# coolant



## gsaver (Jun 17, 2006)

what will happen if I use regular coolant in my 97 2.8 12v cabriolet


----------



## GoldsteinLaw (Jun 14, 2011)

gsaver said:


> what will happen if I use regular coolant in my 97 2.8 12v cabriolet


Guess it depends on how long, there must be some benefits for using the right stuff but I was always told coolant is coolant and that technically u can even use water.

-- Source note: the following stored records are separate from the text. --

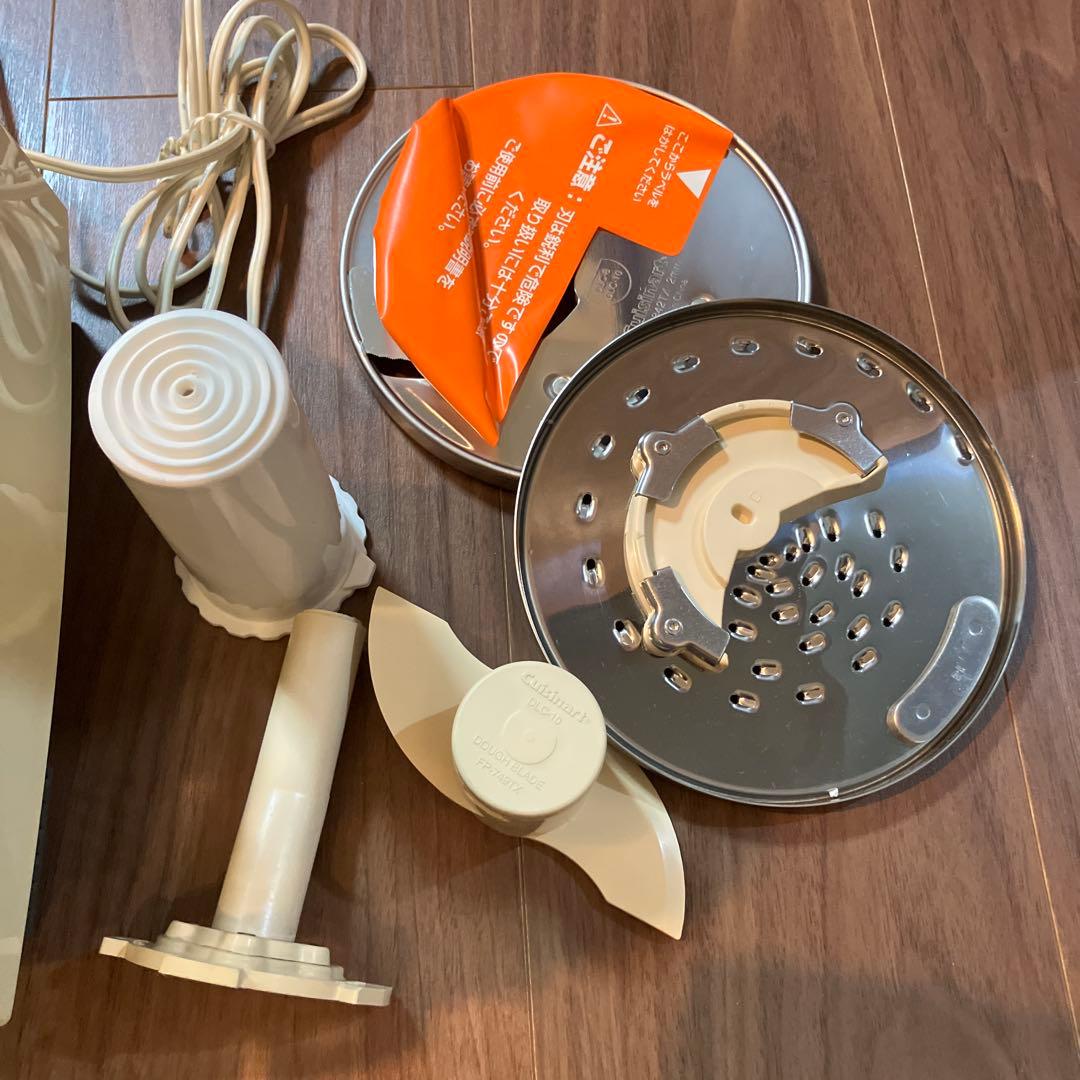 Cuisinart DLC-10PLUS フードプロセッサー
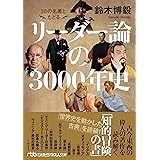 30の名著とたどる リーダー論の3000年史 (日経ビジネス人文庫)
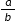 Real Numbers - Division of two Numbers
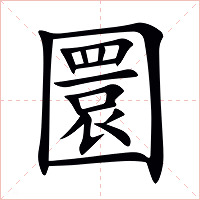圜字字形图片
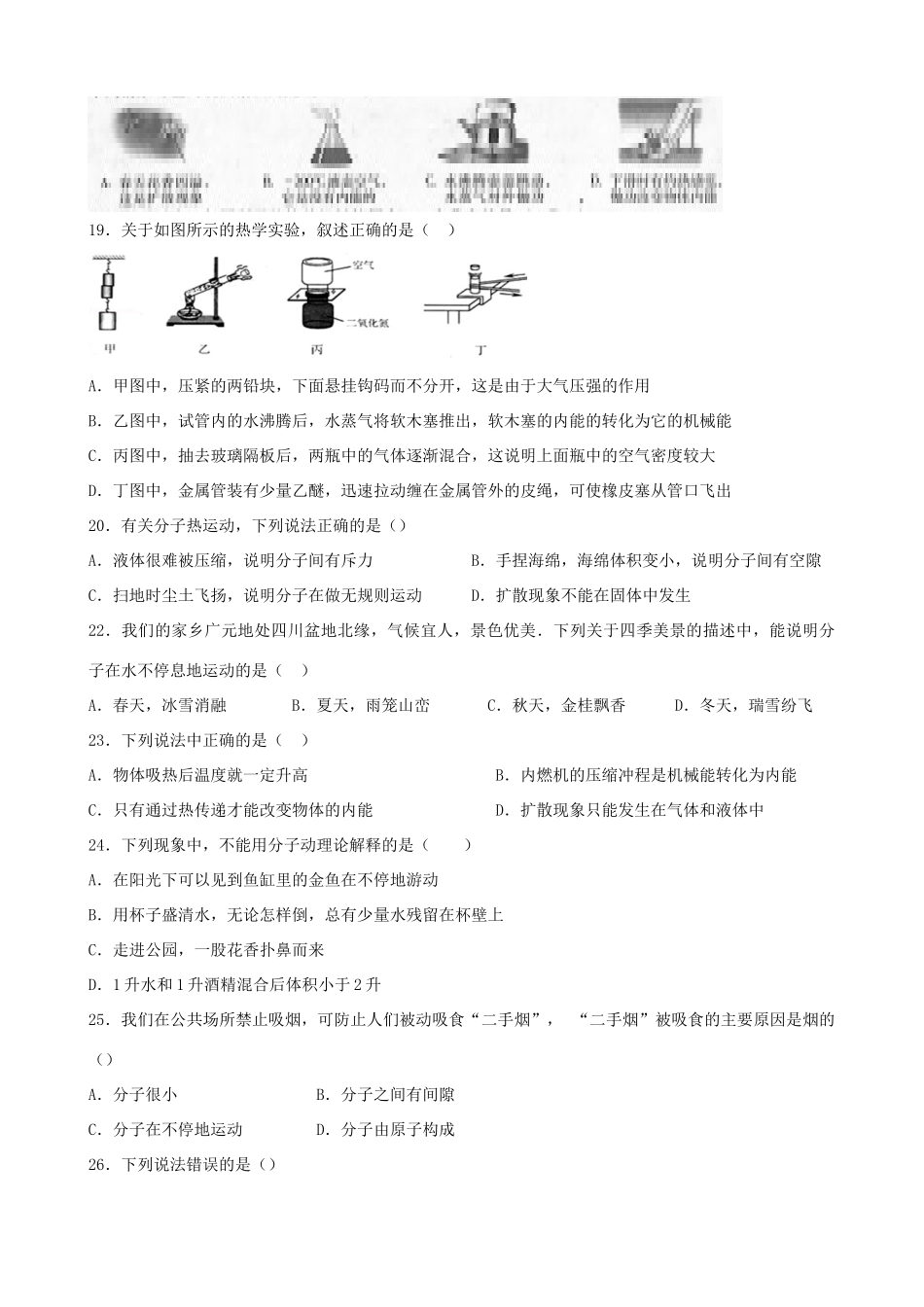 中考物理专题复习 热学选择专题试卷_第3页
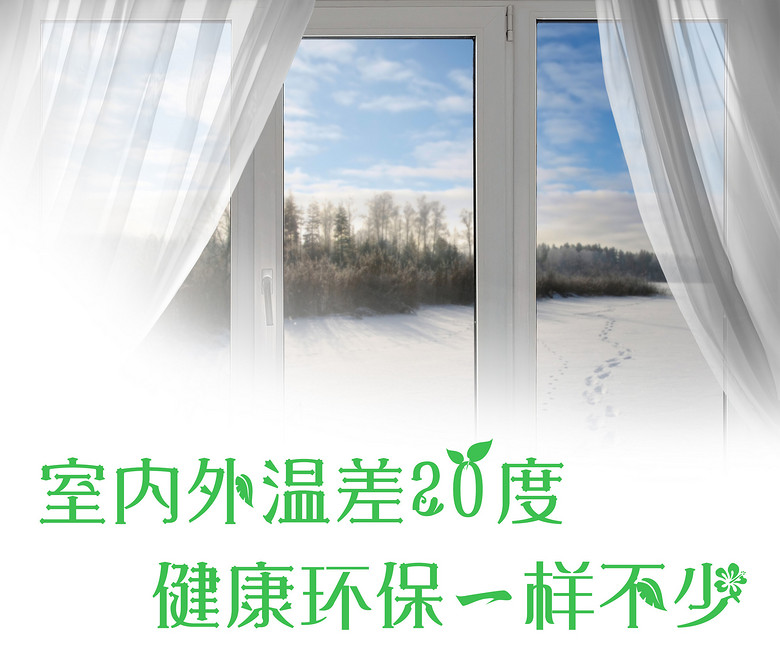 ������Ҫ��ů�ļ�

Main difference with that is that water is not as efficient, hence why there are coolants.

But some cars just stay a bit cooler with certain coolants


----------



## Audia4212 (Jan 14, 2014)

VW/audis run very hot i alwayse use the red stuff just to be safe


----------



## riotbeast (Mar 17, 2008)

You can't mix the vw audi coolant with anything else, it will gum up and corrode the engine, if you want you can completely flush your cooling system and run the green stuff safely

Also running straight water is a horrible idea, coolant has corrosion inhibitors in it to prevent the inside of the motor from rotting


Sent from my iPhone using Tapatalk


----------



## Sepp (Dec 10, 2002)

riotbeast said:


> You can't mix the vw audi coolant with anything else, it will gum up and corrode the engine, if you want you can completely flush your cooling system and run the green stuff safely
> 
> Also running straight water is a horrible idea, coolant has corrosion inhibitors in it to prevent the inside of the motor from rotting
> 
> ...


This exactly.
I've seen an Audi with mixed coolant in it....it wasn't pretty.
The coolants gummed up to something resembling jello, and clogged a few of the coolant ports in the head.


----------